La Corte d’Appello di Venezia confermando la sentenza del Tribunale di Padova condannava alla pena di giustizia un uomo che si era reso responsabile di concorso in tentato furto.

L’imputato infatti, dopo aver infranto un vetro di una finestra di una casa con l’intento di intromettervisi illecitamente , al fine di trarne profitto aveva posto in essere “atti idonei e diretti in modo non equivoco ad impossessarsi di quanto di valore” presente nell’abitazione. 

La Corte territoriale ha ritenuto attendibile la ricognizione fotografica effettuata dopo soli quattro giorni dal reato dal proprietario della casa che fa da scenario a questa vicenda.

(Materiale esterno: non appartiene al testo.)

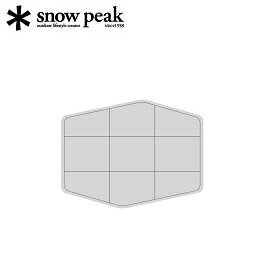 [ Snow Peak ] Landbreeze 寢室帳 Pro.1 地墊 / Pro. Series / 公司貨 TM-641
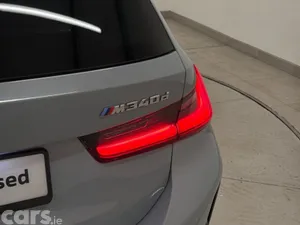 BMW 3-Series Estate, Diesel, 2023, Grey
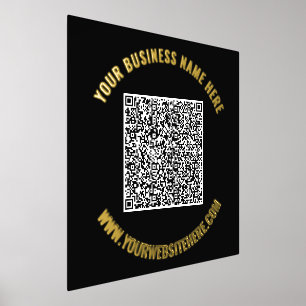 Dorure Informations d'analyse de code QR et impressions d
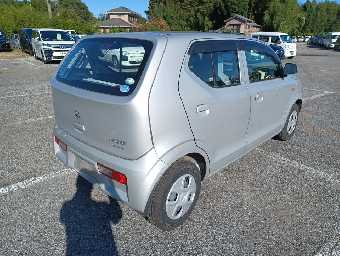 SUZUKI ALTO 2018 Image 2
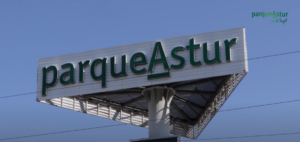 Parque Astur logo
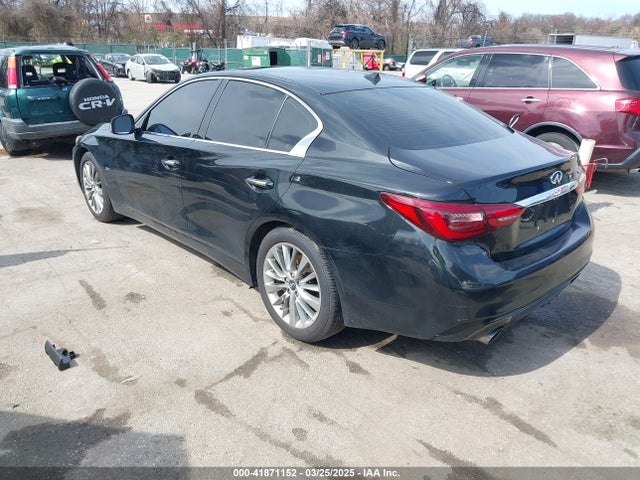 JN1EV7AP6KM513361 Infiniti Q50 3.0t Luxe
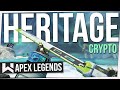 J’AI (ENCORE) CRAQUÉ SUR APEX ! (Crypto Héritage Gameplay FR)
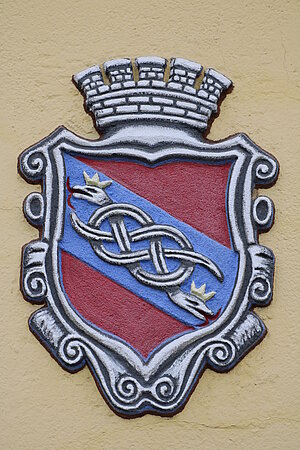 Wappen der Stadt Schrems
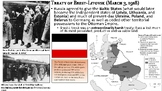 Germany, the End of World War I, and the Weimar Republic -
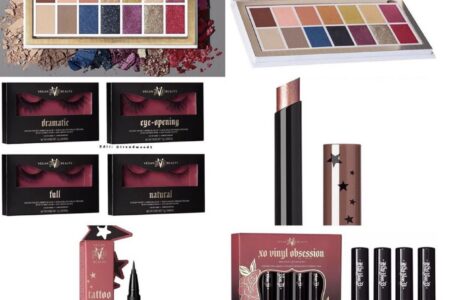 9 5 450x300 - KVD Vegan Beauty Holiday Collection 2020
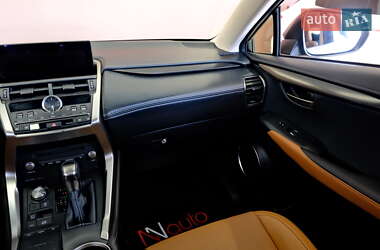 Внедорожник / Кроссовер Lexus NX 2017 в 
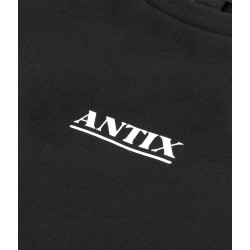 Antix Angelos Organic T-Shirt Black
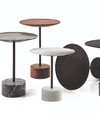 Cassina 9 Tables Side Table - Lissoni - Image 1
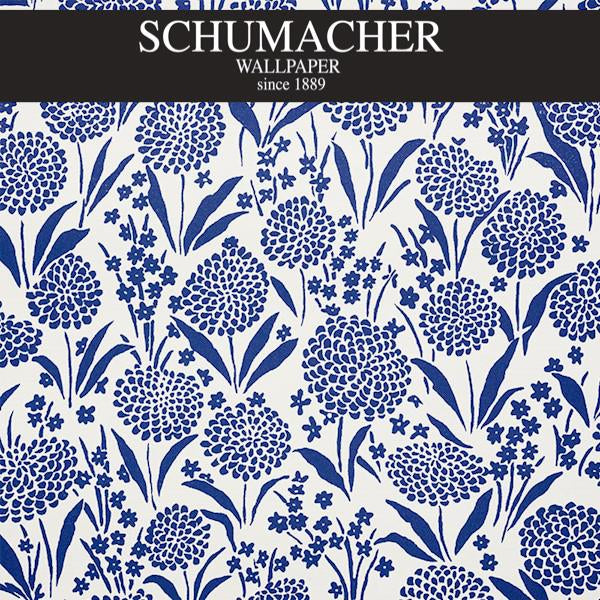 Authorized Dealer of 5009552 by Schumacher Wallpaper at Designer Wallpapers and Fabrics, Your online resource since 2007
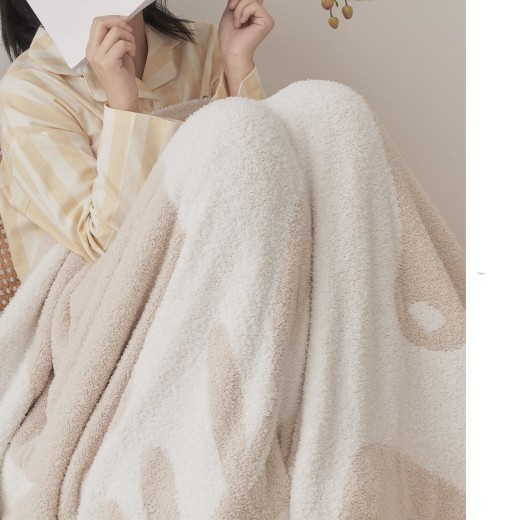 Leisure Sofa Blanket Bed Foot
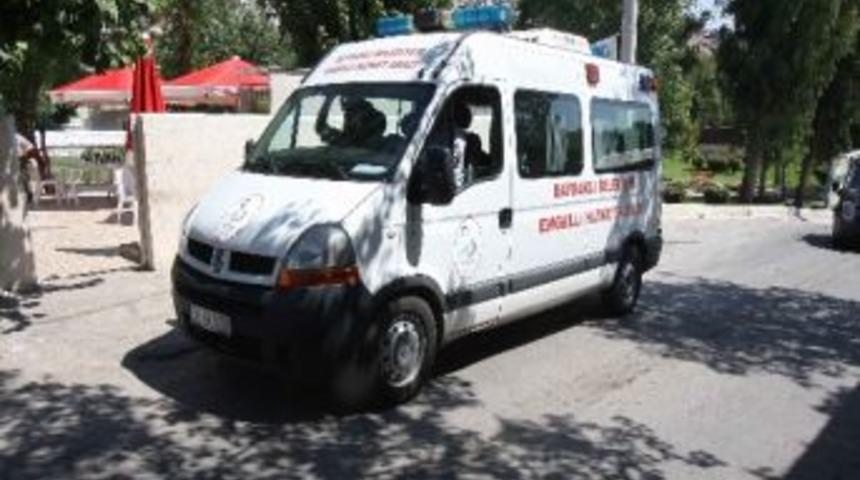 Bayraklı Belediyesi Engelleri Kaldırıyor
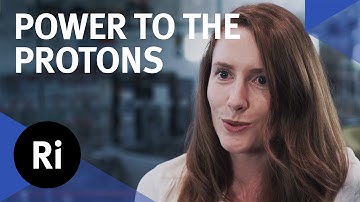 Powering a Particle Accelerator
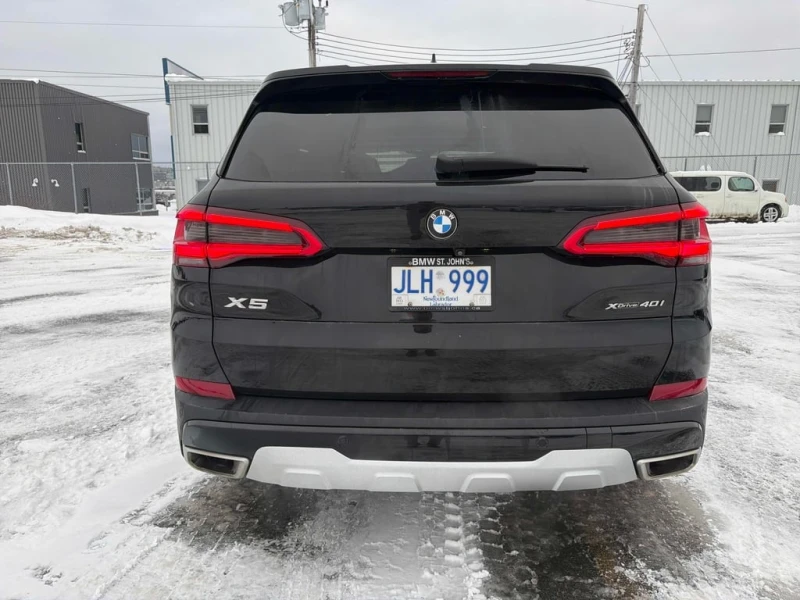 BMW X5 * xDrive40i * CARFAX * ЦЕНА ДО БГ, снимка 4 - Автомобили и джипове - 53014165
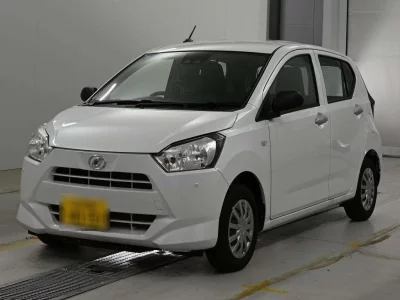 DAIHATSU MIRA E S, 2025 — лот японского аукциона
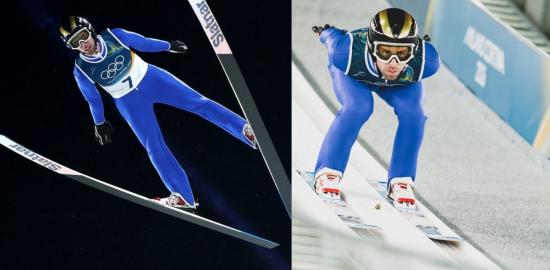 Kış Olimpiyatları’nda Türkiye süper takım kategorisinde 15’inci oldu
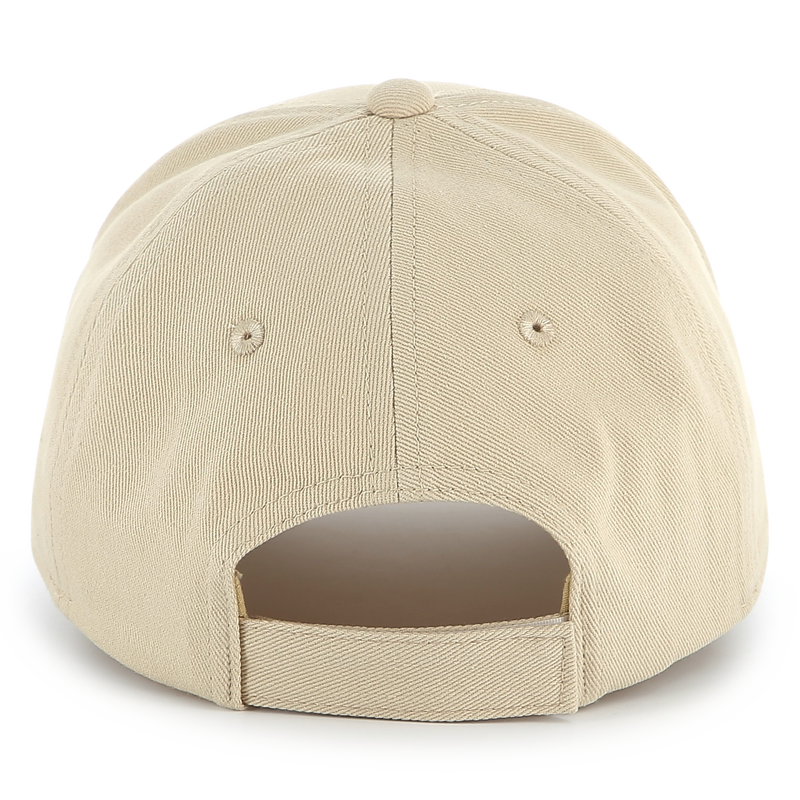 Cotton baseball cap CHLOE 
                    GIRL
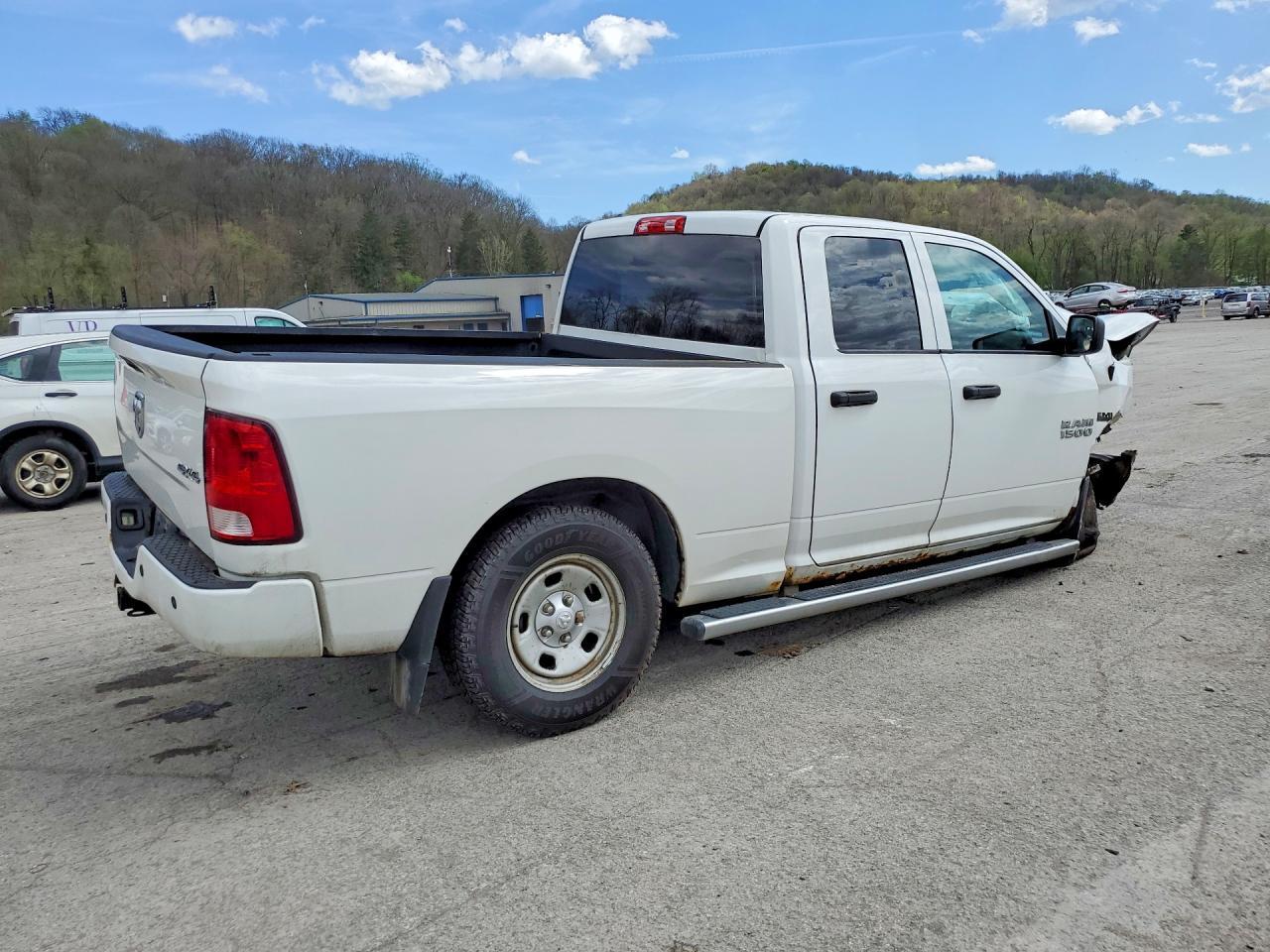2016 Dodge RAM 1500 ST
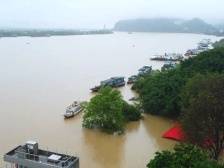 提前预警、提前发动！英德全力应对强降雨天气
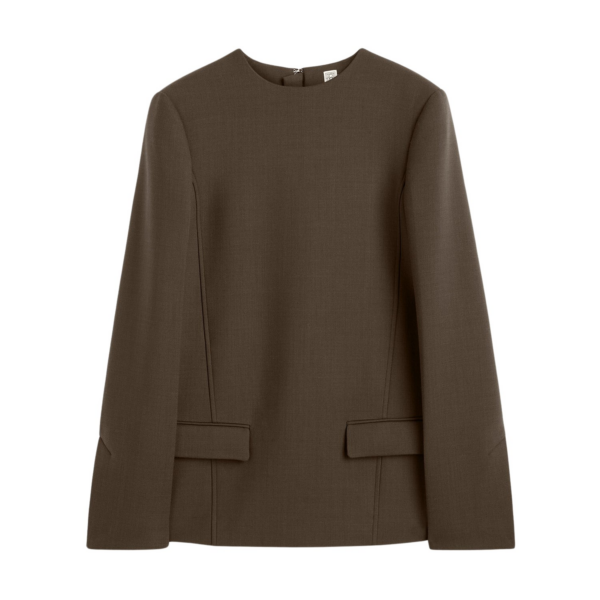 Toteme Tops with minimalist design at Coveti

Avverso tale sentenza proponeva ricorso presso la Suprema Corte l’imputato deducendo tra gli altri motivi vizio di motivazione. 

Il ricorso è manifestamente infondato. 

I Giudici ricordano che “l’individuazione fotografica rappresenta una manifestazione riproduttiva di una percezione visiva e, come tale, costituisce una specie del più generale concetto di dichiarazione, sicché la sua forza probatoria non discende dalle modalità formali del riconoscimento bensì dal valore della dichiarazione confermativa, alla stessa stregua della deposizione testimoniale”. 

L’individuazione, come prova atipica, quindi “ben può essere valorizzata dal giudice, nell’ambito del suo libero convincimento, ai fini della dimostrazione dei fatti, ove sia accertata la credibilità della persona che, in sede di individuazione, si sia detta certa dell’identificazione operata”.

La Suprema Corte ritiene che la la Corte di Appello abbia già puntualmente esposto i criteri di valutazione adottati e la loro pregnanza, con motivazione esente da vizi logici.

Con la sentenza n. 37537/21 del 15 ottobre la Corte di Cassazione dichiara inammissibile il ricorso e condanna il ricorrente al pagamento delle spese processuali e della somma di 3000 euro in favore della Cassa delle ammende.